Short web captions
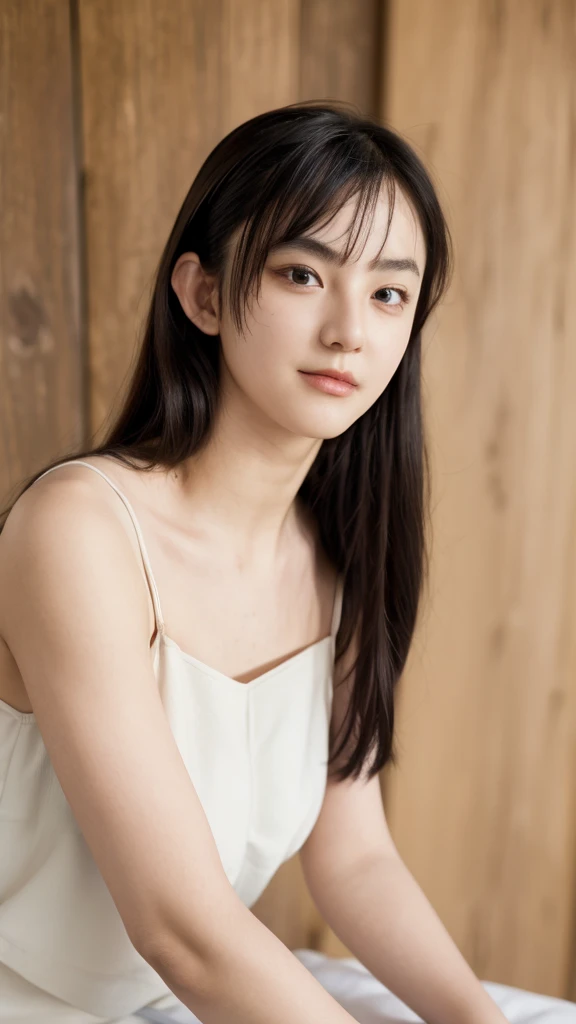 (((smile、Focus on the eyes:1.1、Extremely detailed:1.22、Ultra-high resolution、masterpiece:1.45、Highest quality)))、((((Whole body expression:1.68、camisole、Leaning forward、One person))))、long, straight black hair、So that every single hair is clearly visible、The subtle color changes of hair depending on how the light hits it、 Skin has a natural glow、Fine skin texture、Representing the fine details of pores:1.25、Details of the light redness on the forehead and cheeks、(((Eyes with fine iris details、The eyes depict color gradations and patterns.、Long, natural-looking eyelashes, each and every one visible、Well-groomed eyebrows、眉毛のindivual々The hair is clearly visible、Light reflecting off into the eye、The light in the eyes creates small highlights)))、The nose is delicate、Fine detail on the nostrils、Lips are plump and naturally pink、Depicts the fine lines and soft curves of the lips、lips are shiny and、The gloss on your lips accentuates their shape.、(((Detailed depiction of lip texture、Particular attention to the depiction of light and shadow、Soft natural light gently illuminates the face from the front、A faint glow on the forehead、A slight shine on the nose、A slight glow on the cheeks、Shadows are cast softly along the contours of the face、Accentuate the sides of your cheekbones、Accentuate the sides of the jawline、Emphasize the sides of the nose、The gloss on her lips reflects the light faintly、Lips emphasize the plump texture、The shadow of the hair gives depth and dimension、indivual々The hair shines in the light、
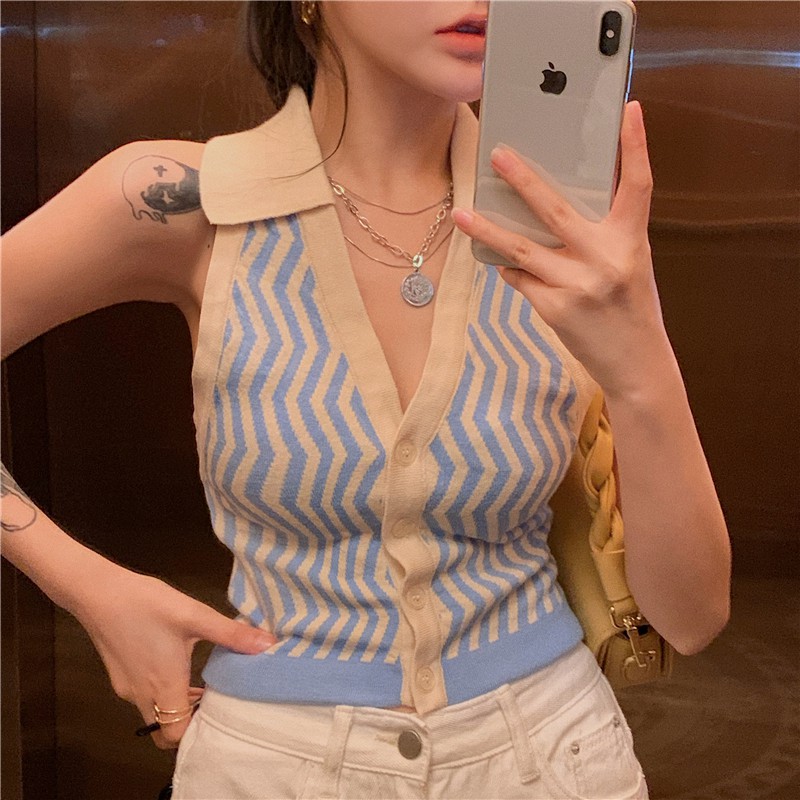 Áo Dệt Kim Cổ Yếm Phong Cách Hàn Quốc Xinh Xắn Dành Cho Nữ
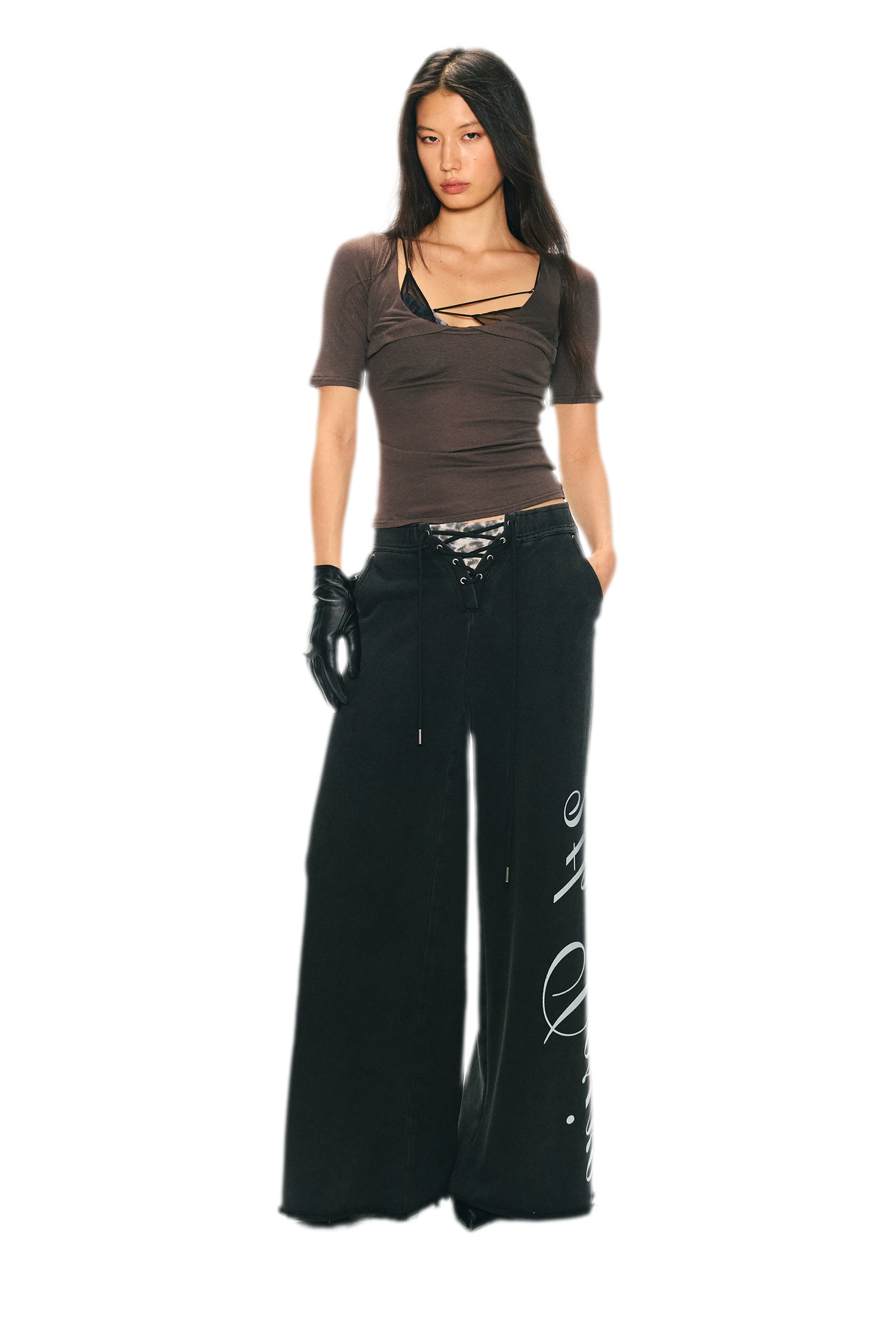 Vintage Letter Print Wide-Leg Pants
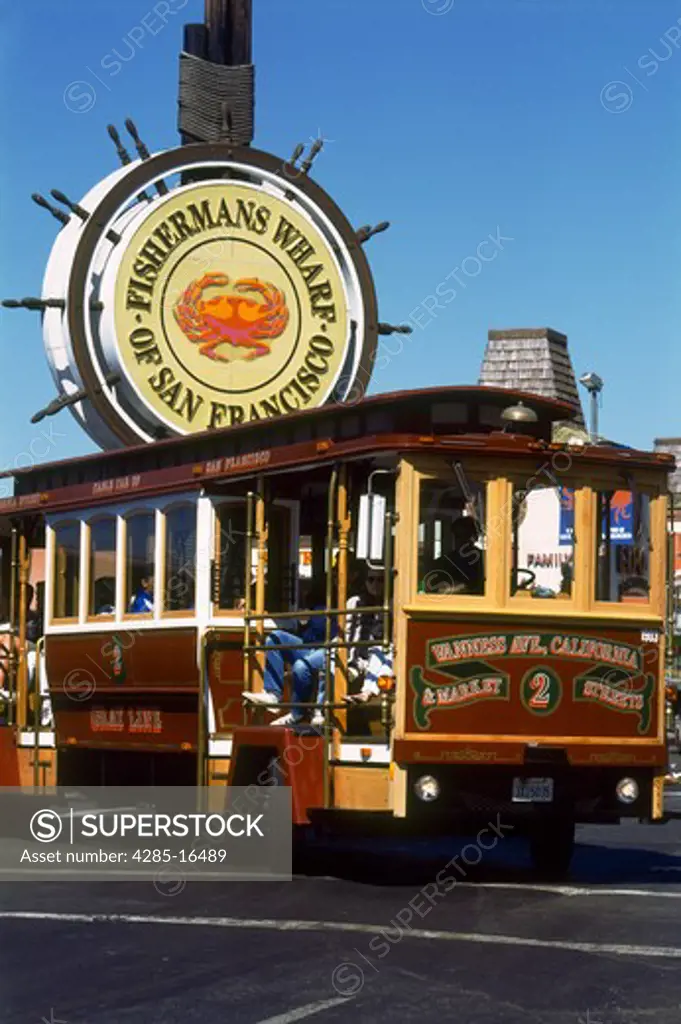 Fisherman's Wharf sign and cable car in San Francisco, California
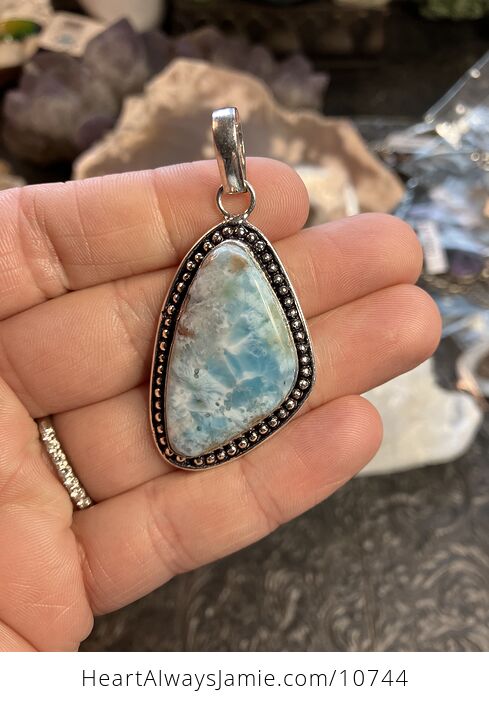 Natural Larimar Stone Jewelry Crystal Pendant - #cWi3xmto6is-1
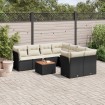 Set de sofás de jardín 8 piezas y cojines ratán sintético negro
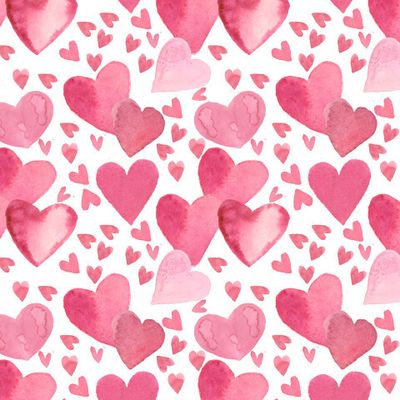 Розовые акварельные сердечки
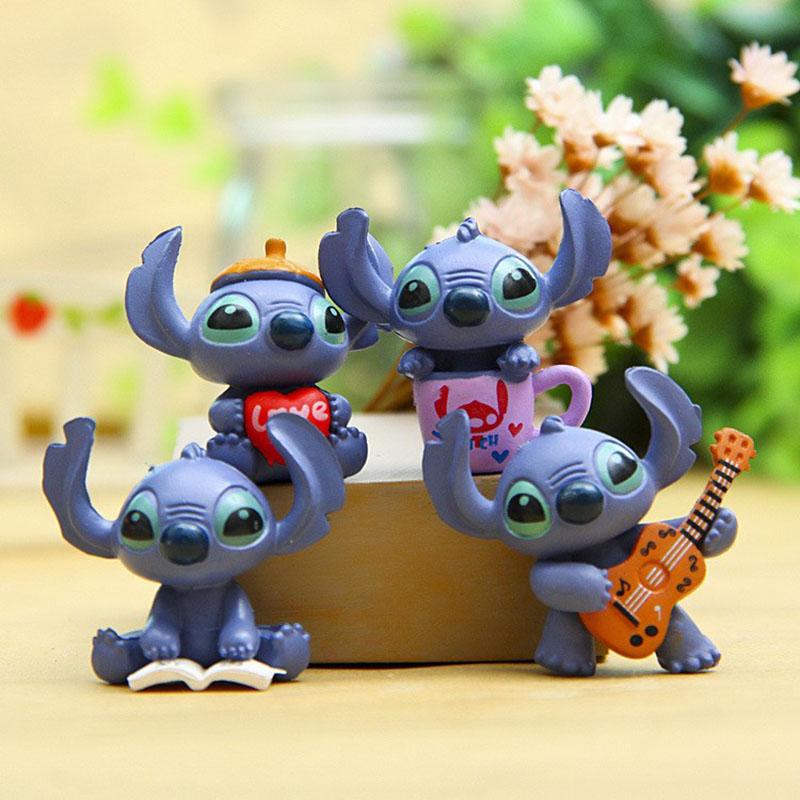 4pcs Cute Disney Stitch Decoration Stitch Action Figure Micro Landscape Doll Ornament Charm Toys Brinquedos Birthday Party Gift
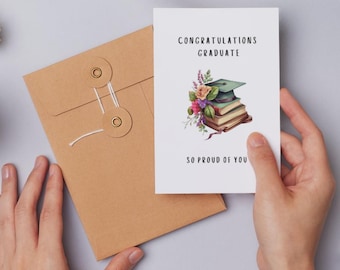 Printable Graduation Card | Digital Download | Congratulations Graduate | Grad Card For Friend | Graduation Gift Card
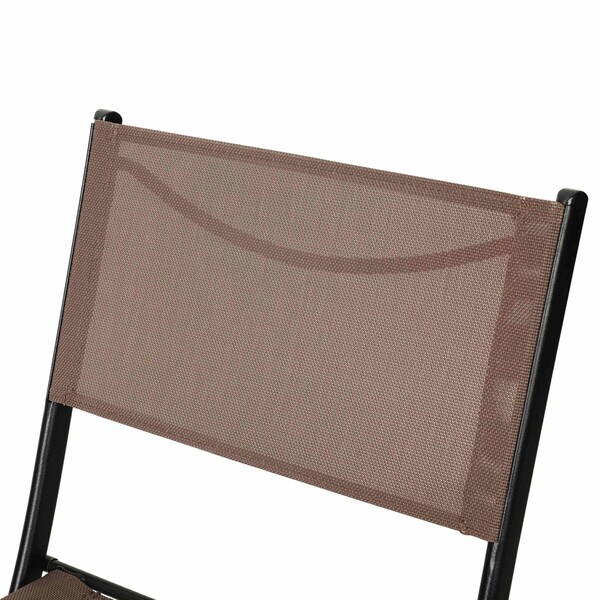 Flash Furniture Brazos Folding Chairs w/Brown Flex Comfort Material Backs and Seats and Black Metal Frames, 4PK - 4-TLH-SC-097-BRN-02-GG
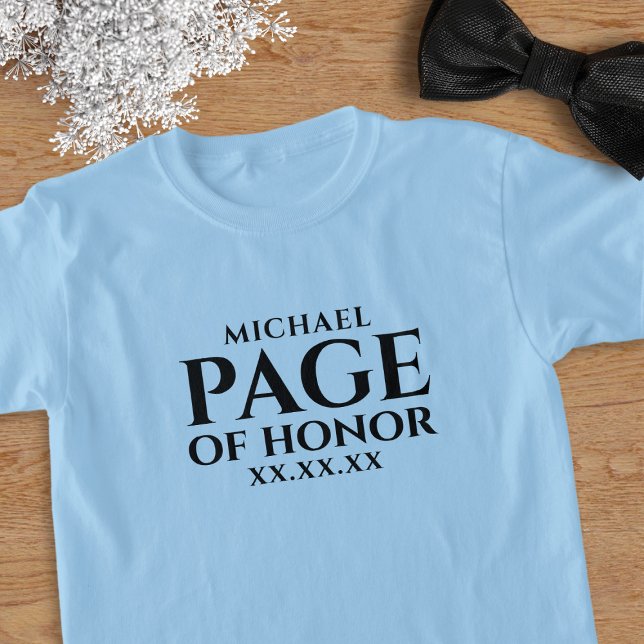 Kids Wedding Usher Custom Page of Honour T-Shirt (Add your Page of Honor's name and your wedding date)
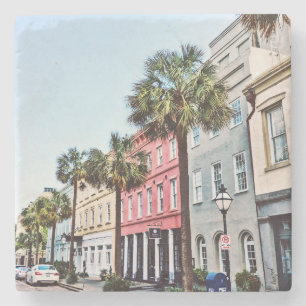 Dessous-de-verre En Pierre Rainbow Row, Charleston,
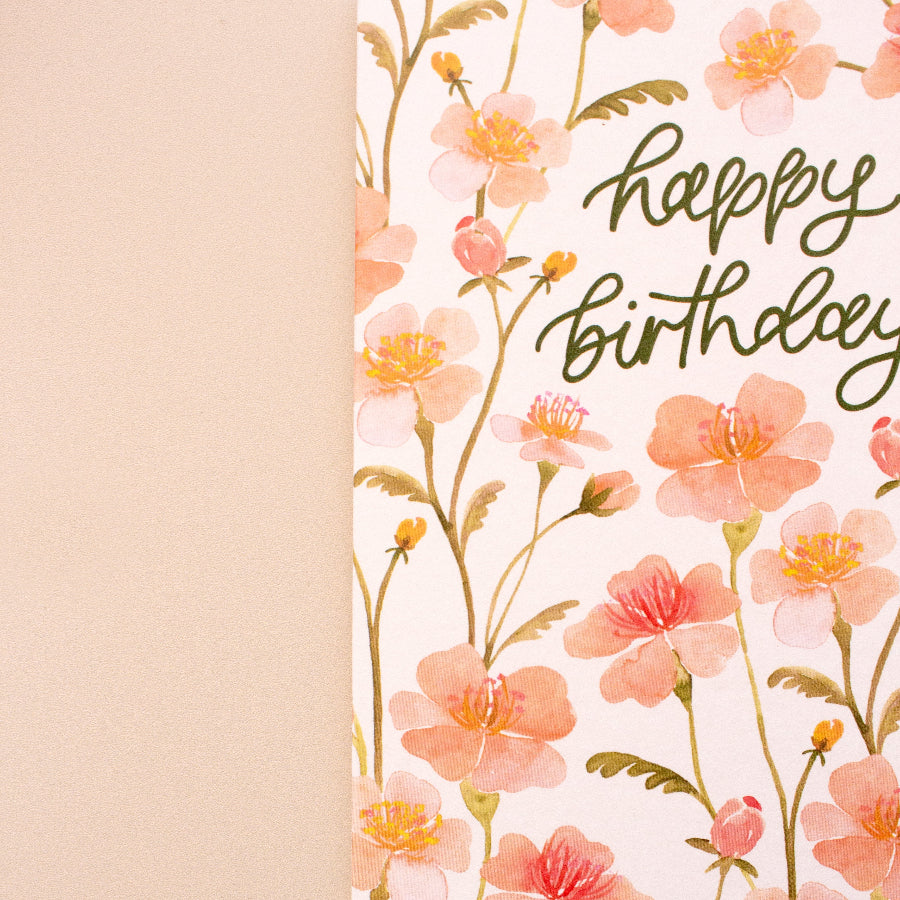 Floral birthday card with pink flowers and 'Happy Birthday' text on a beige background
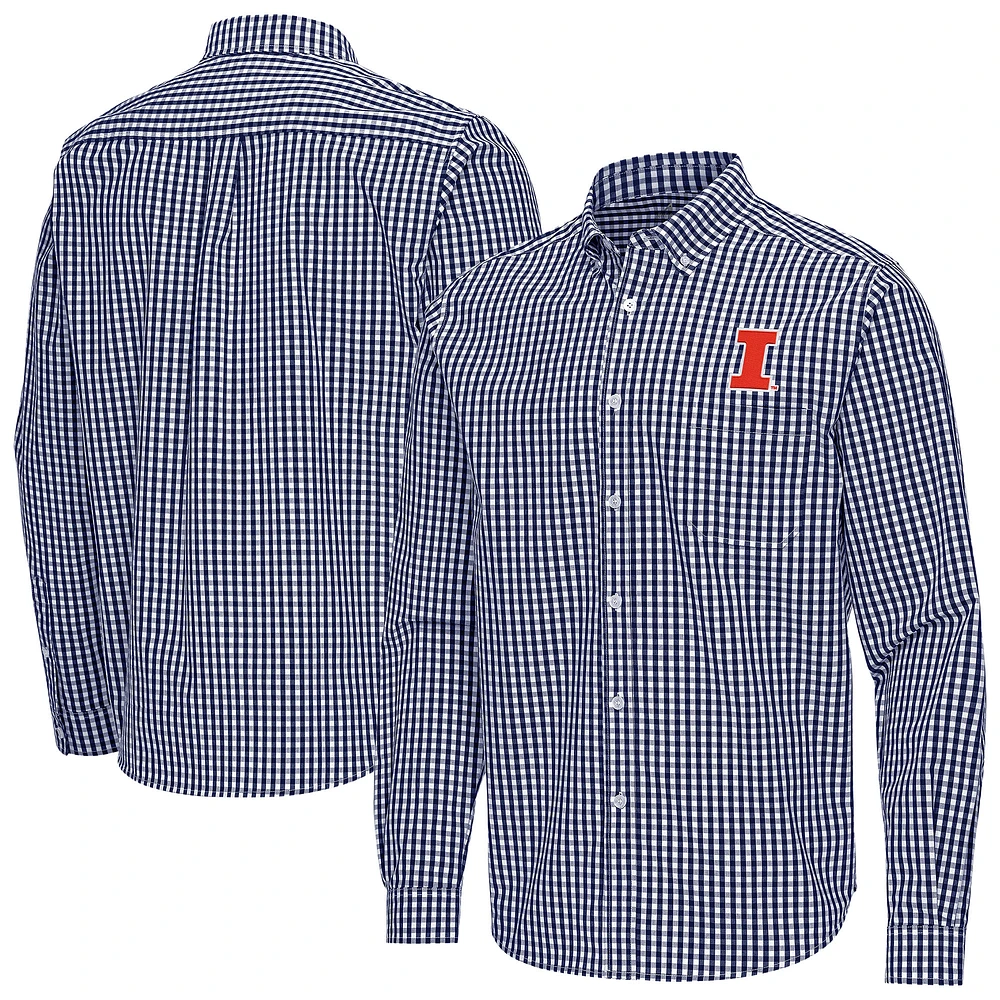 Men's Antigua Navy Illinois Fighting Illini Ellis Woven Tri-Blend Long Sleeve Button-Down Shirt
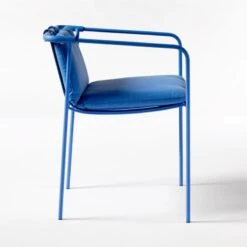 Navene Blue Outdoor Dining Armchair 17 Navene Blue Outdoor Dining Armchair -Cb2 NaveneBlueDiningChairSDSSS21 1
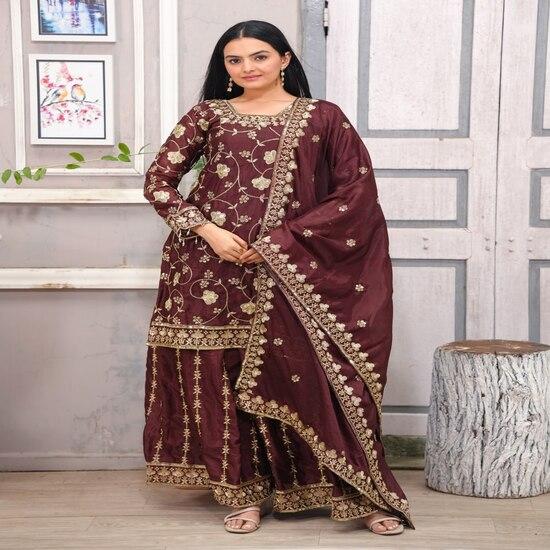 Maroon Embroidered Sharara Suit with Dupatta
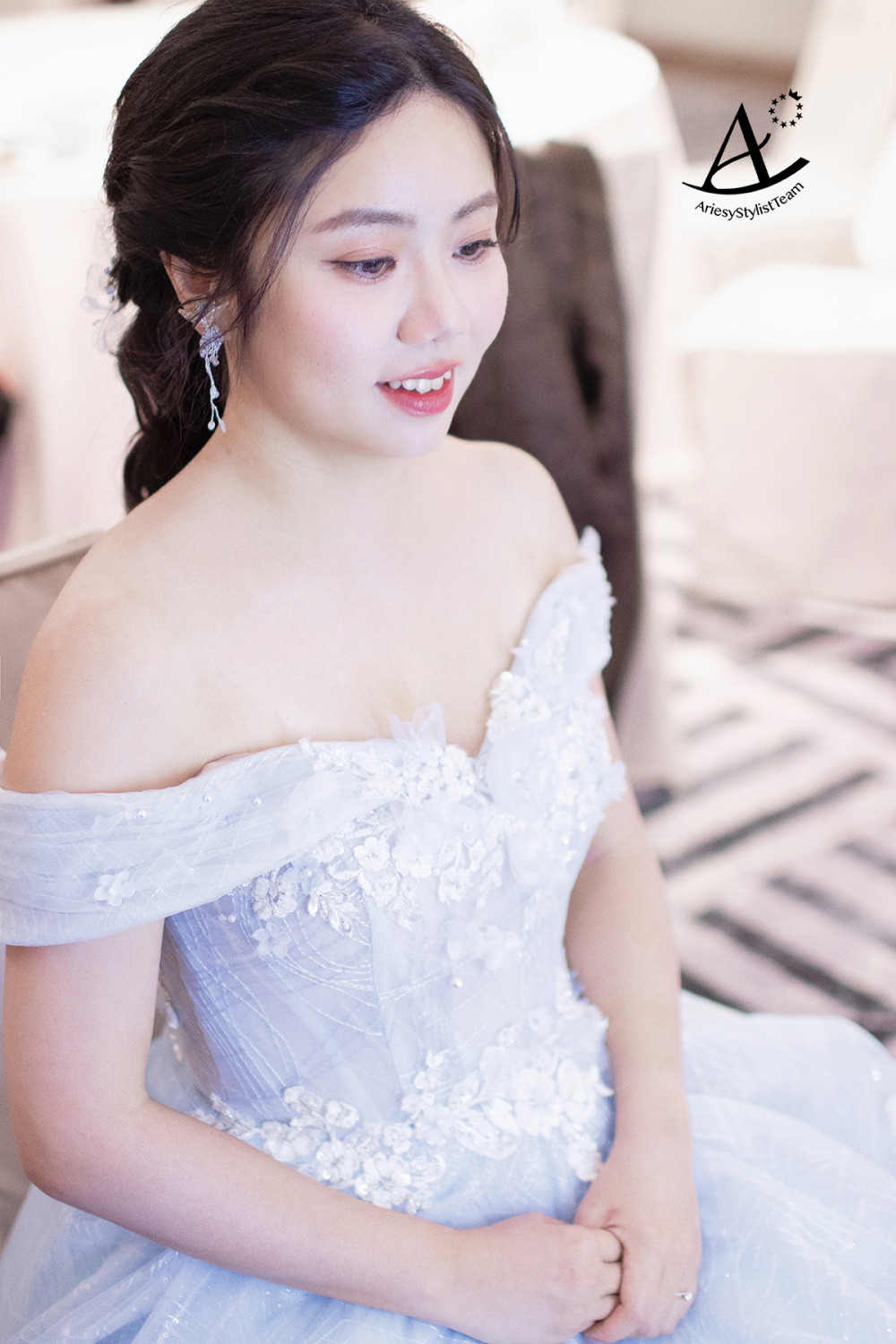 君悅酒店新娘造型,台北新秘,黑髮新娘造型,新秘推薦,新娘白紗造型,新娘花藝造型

● **EXERCISE DESCRIPTION**: Would you give the data above again word for word, minus the pictures?

● **SOLUTION FOR THIS EXERCISE**:
 (((smile、Focus on the eyes:1.1、Extremely detailed:1.22、Ultra-high resolution、masterpiece:1.45、Highest quality)))、((((Whole body expression:1.68、camisole、Leaning forward、One person))))、long, straight black hair、So that every single hair is clearly visible、The subtle color changes of hair depending on how the light hits it、 Skin has a natural glow、Fine skin texture、Representing the fine details of pores:1.25、Details of the light redness on the forehead and cheeks、(((Eyes with fine iris details、The eyes depict color gradations and patterns.、Long, natural-looking eyelashes, each and every one visible、Well-groomed eyebrows、眉毛のindivual々The hair is clearly visible、Light reflecting off into the eye、The light in the eyes creates small highlights)))、The nose is delicate、Fine detail on the nostrils、Lips are plump and naturally pink、Depicts the fine lines and soft curves of the lips、lips are shiny and、The gloss on your lips accentuates their shape.、(((Detailed depiction of lip texture、Particular attention to the depiction of light and shadow、Soft natural light gently illuminates the face from the front、A faint glow on the forehead、A slight shine on the nose、A slight glow on the cheeks、Shadows are cast softly along the contours of the face、Accentuate the sides of your cheekbones、Accentuate the sides of the jawline、Emphasize the sides of the nose、The gloss on her lips reflects the light faintly、Lips emphasize the plump texture、The shadow of the hair gives depth and dimension、indivual々The hair shines in the light、
 Áo Dệt Kim Cổ Yếm Phong Cách Hàn Quốc Xinh Xắn Dành Cho Nữ
 Vintage Letter Print Wide-Leg Pants
 Fisherman's Wharf sign and cable car in San Francisco, California
 Natural Larimar Stone Jewelry Crystal Pendant - #cWi3xmto6is-1
 Set de sofás de jardín 8 piezas y cojines ratán sintético negro
 Розовые акварельные сердечки
 4pcs Cute Disney Stitch Decoration Stitch Action Figure Micro Landscape Doll Ornament Charm Toys Brinquedos Birthday Party Gift
 Printable Graduation Card | Digital Download | Congratulations Graduate | Grad Card For Friend | Graduation Gift Card
 Flash Furniture Brazos Folding Chairs w/Brown Flex Comfort Material Backs and Seats and Black Metal Frames, 4PK - 4-TLH-SC-097-BRN-02-GG
 Kids Wedding Usher Custom Page of Honour T-Shirt (Add your Page of Honor's name and your wedding date)
 Dessous-de-verre En Pierre Rainbow Row, Charleston,
 Floral birthday card with pink flowers and 'Happy Birthday' text on a beige background
 Men's Antigua Navy Illinois Fighting Illini Ellis Woven Tri-Blend Long Sleeve Button-Down Shirt
 Navene Blue Outdoor Dining Armchair 17 Navene Blue Outdoor Dining Armchair -Cb2 NaveneBlueDiningChairSDSSS21 1
 Maroon Embroidered Sharara Suit with Dupatta
 君悅酒店新娘造型,台北新秘,黑髮新娘造型,新秘推薦,新娘白紗造型,新娘花藝造型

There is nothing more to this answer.